THE DATA
__________

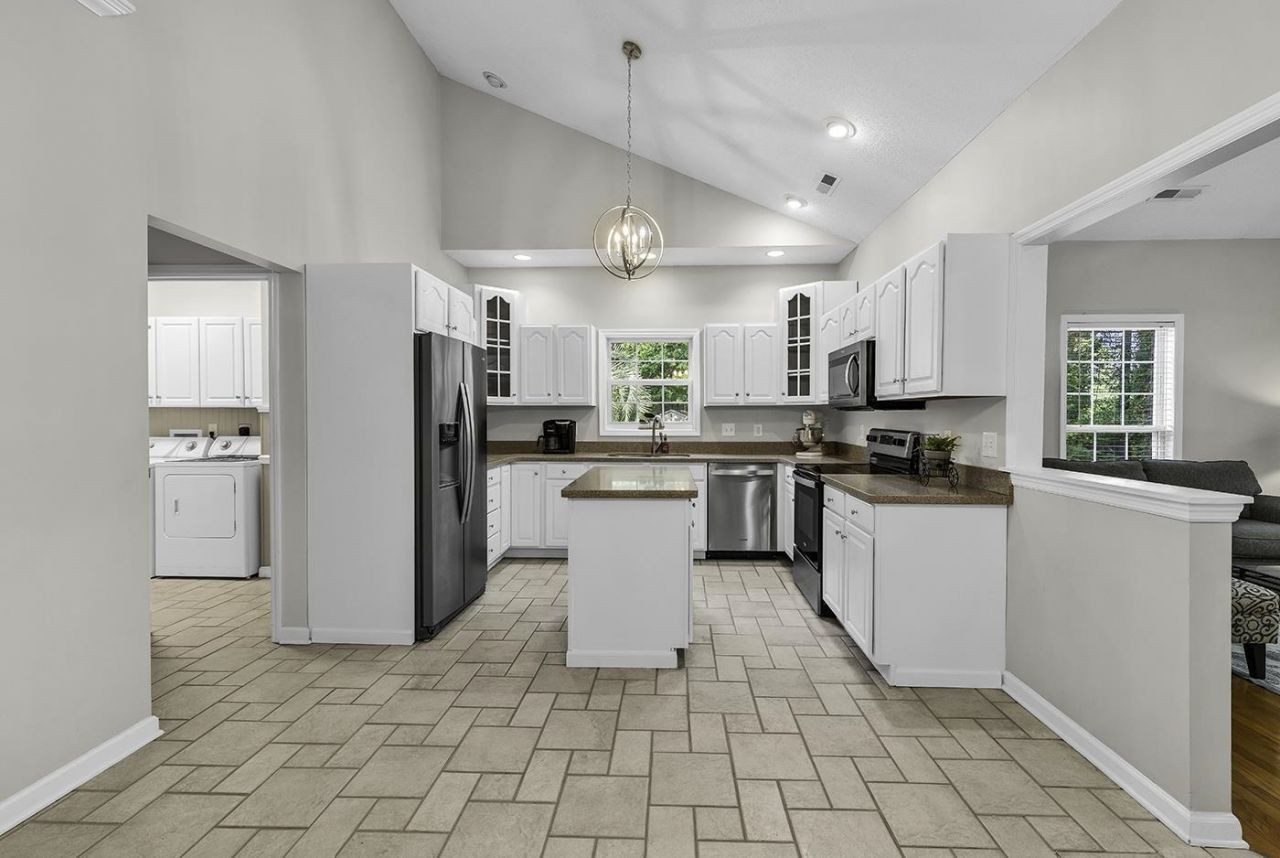527 Alderly Ct. Photo 16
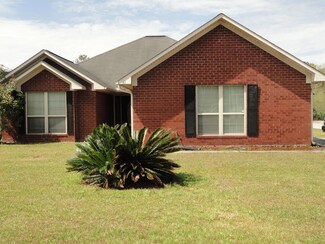 61 Gloucester Dr, Midway, GA 31320
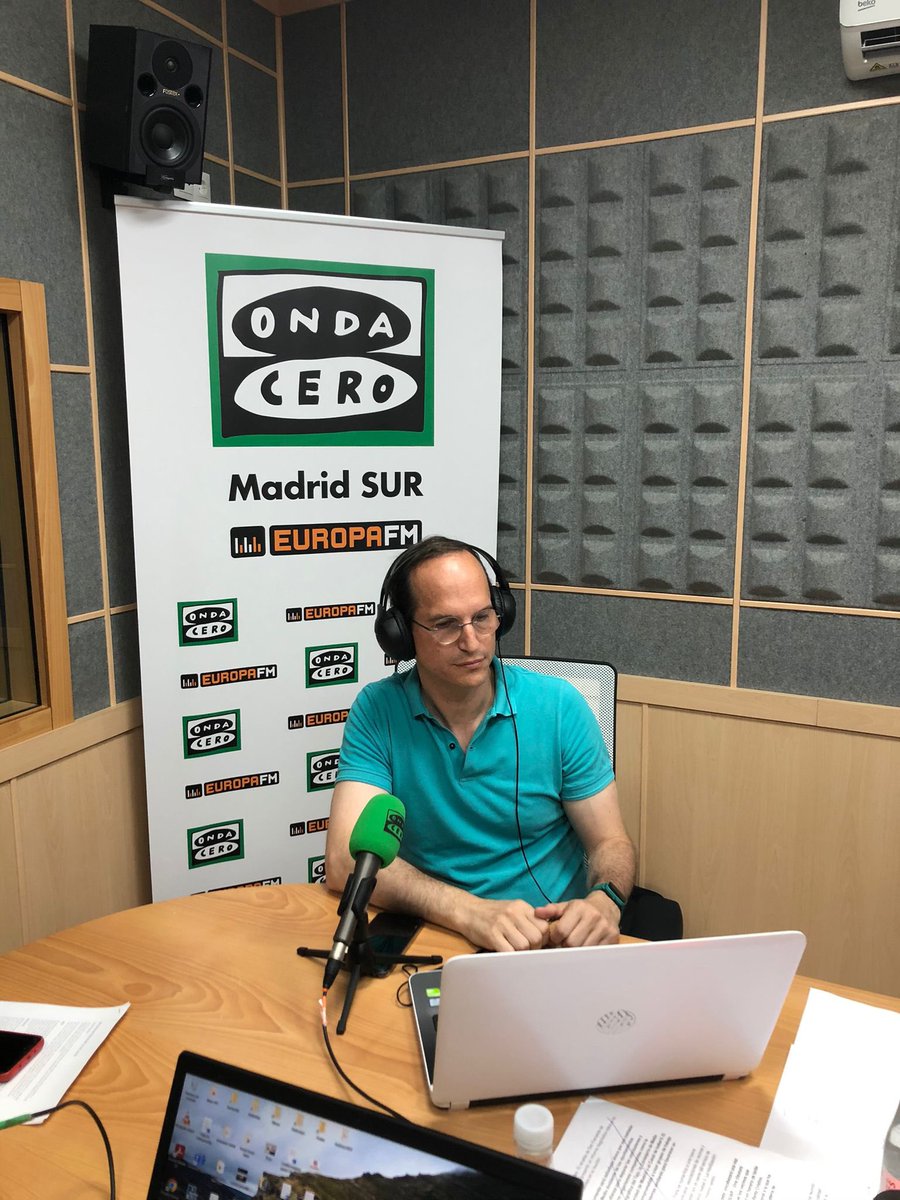 AutoFmRadio's tweet photo. Esta semana en el tertulión de #AutoFM nos acompañó @amunozcanas con el que analizamos las vanguardias y libres de modas mecánicas de #Mazda 
#motor #coches #skyactive #cars #ingeniero https://t.co/6FkOBuuW68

__________

THE PROBLEM
What is needed is a word-for-word copy of the lines from the start of the data to the line with "AutoFmRadio's tweet photo.", inclusive, with no pictures in it.

ANSWER TO THE EXERCISE
527 Alderly Ct. Photo 16
 61 Gloucester Dr, Midway, GA 31320
 AutoFmRadio's tweet photo. Esta semana en el tertulión de #AutoFM nos acompañó @amunozcanas con el que analizamos las vanguardias y libres de modas mecánicas de #Mazda 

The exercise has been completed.